Working data below:

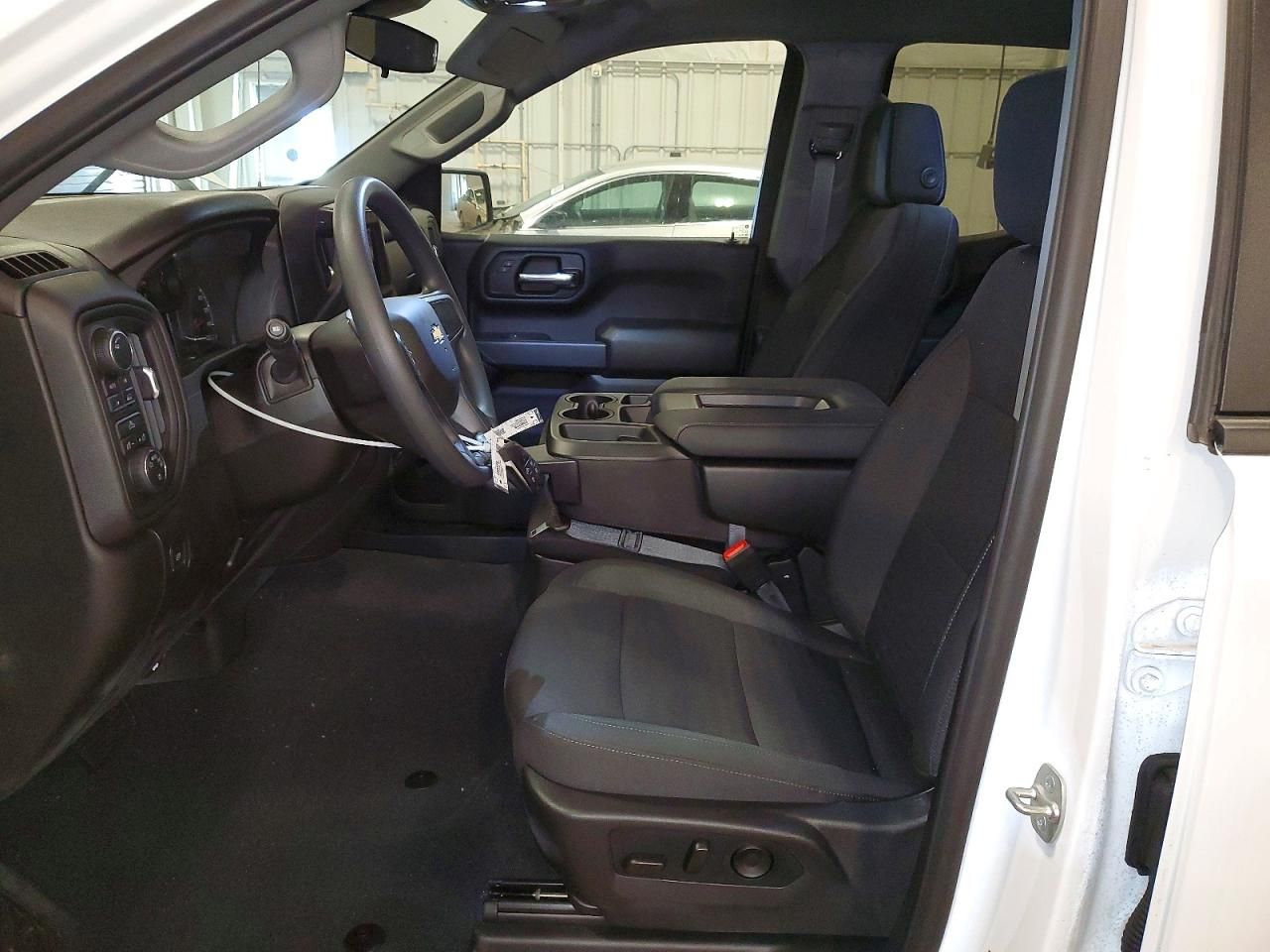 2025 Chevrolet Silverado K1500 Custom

End of Working data.
Working data below:

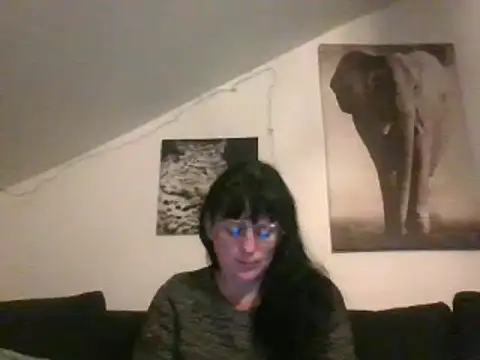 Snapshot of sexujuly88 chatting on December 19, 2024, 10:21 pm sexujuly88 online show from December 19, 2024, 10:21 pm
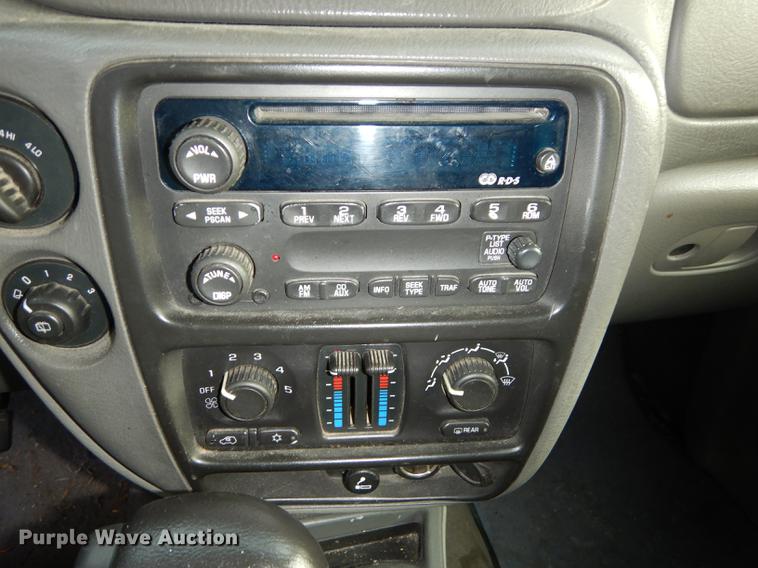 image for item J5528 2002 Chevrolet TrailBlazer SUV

End of Working data.

In the listing above, find the line containing "Snapshot of sexujuly88" and the line containing "image for item", then return both of them and every line between, exactly, without pictures.

 Snapshot of sexujuly88 chatting on December 19, 2024, 10:21 pm sexujuly88 online show from December 19, 2024, 10:21 pm
 image for item J5528 2002 Chevrolet TrailBlazer SUV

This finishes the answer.